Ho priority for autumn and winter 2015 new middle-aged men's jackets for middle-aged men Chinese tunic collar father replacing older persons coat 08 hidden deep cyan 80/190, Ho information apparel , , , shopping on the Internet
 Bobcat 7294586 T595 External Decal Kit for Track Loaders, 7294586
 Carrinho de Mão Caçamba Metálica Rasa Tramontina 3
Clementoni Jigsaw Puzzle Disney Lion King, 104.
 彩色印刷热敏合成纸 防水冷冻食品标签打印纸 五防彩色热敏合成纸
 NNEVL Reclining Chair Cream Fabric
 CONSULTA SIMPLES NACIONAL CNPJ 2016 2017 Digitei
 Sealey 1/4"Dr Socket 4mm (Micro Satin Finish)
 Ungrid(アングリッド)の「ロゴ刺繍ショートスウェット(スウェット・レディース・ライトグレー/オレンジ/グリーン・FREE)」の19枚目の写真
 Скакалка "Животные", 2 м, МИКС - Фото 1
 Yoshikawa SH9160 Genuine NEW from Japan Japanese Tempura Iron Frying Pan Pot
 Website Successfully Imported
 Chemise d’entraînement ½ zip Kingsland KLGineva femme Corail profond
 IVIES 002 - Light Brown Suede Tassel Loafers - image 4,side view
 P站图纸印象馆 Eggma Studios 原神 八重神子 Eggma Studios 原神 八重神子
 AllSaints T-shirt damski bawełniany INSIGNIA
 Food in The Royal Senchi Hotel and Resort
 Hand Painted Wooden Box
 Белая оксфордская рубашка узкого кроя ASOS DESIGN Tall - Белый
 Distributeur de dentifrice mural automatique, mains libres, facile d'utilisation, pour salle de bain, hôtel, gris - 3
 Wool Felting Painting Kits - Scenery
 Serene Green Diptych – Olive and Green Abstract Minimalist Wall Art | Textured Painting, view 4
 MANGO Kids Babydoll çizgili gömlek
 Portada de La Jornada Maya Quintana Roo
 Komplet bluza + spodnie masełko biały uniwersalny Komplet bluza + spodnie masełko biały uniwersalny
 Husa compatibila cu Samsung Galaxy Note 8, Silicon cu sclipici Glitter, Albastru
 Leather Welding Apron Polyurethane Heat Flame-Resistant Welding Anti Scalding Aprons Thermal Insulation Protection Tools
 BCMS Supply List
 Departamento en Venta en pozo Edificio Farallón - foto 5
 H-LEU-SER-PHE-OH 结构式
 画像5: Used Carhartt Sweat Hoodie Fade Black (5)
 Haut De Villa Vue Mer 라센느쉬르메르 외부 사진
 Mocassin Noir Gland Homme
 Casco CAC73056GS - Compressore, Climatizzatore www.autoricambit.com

◇ ◇ ◇ ◇ ◇

WORK INSTRUCTION: Write out, from the lines above, only those from the line with "Komplet bluza + spodnie masełko biały uniwersalny Komplet" to the line with "Husa compatibila cu", exactly as given, including the first and the last.

TASK RESULT:
 Komplet bluza + spodnie masełko biały uniwersalny Komplet bluza + spodnie masełko biały uniwersalny
 Husa compatibila cu Samsung Galaxy Note 8, Silicon cu sclipici Glitter, Albastru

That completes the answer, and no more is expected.